For this experiment we will test the impact of write rate limits both in single loops and dual loops.

Single loop processing:

single-loop

This single-loop process will hoard the processing resources and never complete but will append to the processing queue only the next step in the process.

This means that the number of records not processed will only grow if many other processes or requests are arriving at the same time, at a faster rate than the cluster can process.

Expected results:

When deploying a process instance with a single loop we should see the processing rate in the partition increases significantly.

This can lead to processing speed to surpass the exporting speed, which results in increase in the backlog of exported records.

Using the rate write limits to restrict the processing speed enables us to reduce the backlog size and give more time for the user to fix the underlying issues with the cluster.

Actual

By deploying a single loop model we can see that the processing and writing increases in the same partition and stabilizes around 5 000, later at around 17:55 we apply the write rate limit of 3 000, and the processing gets limited accordingly.

This leads to some of the requests being redirected to the other partitions which cause the processing in these to increase.

single-loop-processing-per-partition

When observing the backpressure, we can draw the same conclusions as from the processing per partition graph, after the model gets deployed, we see an increase in the backpressure to around 7% in the partition where the loop instance was deployed.

Once the limit gets set at around 17:55 the backpressure in this partition increases even more, to around 22% with the backpressure in the other partitions also increasing significantly.

This follows the expected results since with the limiting processing, the after partition will reject even more commands, which get redirected to the remaining partitions which also cause their load to increase and therefore their backpressure as well.

single-loop-backpressure

Observing the exporting per partition panel we can see that the exporting also increases in the affected partition, and this gets reduced after the limit gets imposed.

single-loop-exporting-per-partition

Dual loop processing:

double-loop

On the other hand, this dual loop process during its run will always create more records than can be processed since it doubles in the last step.

This will create a steady increase in records not processed even if no other processes or requests are competing for processing time.

Expected

When deploying a process instance with a dual loop we should expect to see a rapid increase in the processing speed and also in the number of records not processed.

In this case, restricting the processing speed should not decrease the backlog of processed records since on each run of the loop more records are created than processed.

However, it should help us at least in reducing the pace of the increase in the backlog and therefore give us more time to address the underlying problem.

Actual

After deploying the dual loop we can see that the processing quickly jumps to its peak, at around 18:11 we configure the write rate limit at 3000.

Unlike the previous experience here we can observe that the processing speed in the other partitions was already increasing before the configuration gets applied.

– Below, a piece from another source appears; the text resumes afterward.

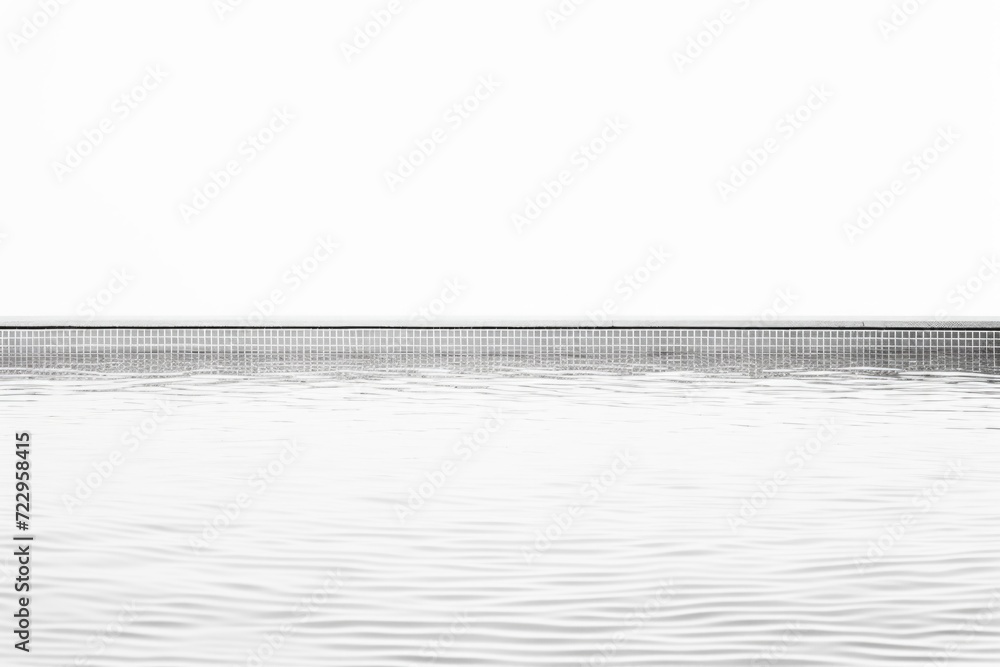Poster a black and white photo of a man standing in the water. suitable for various applications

dual-loop-processing-per-partition

dual-loop-exporting-per-partition

Observing the backpressure we get the answer as to why the processing in the other partitions was already increasing before the configuration gets applied.

The backpressure had already reached at 100% which means that the dual loop process by itself hoarded completely the processing resources of the partition.

dual-loop-backpressure

Observing the number of records not processed we conclude as expected that limiting the write rate cannot stop the records backlog from continuing to increase, but we can see that the slope of the curve is smaller after configuring the limit.

dual-loop-records-not-exported

Overall the results match our expectations that the flow control configuration can be leveraged to give us more control of the cluster, which in the case of acting on deployed loop instances can give us more tools to address these issues.

Footnote: (As of the latest release, it is no longer possible to deploy processes that contain a straight-through processing loops such as the ones used in this experience).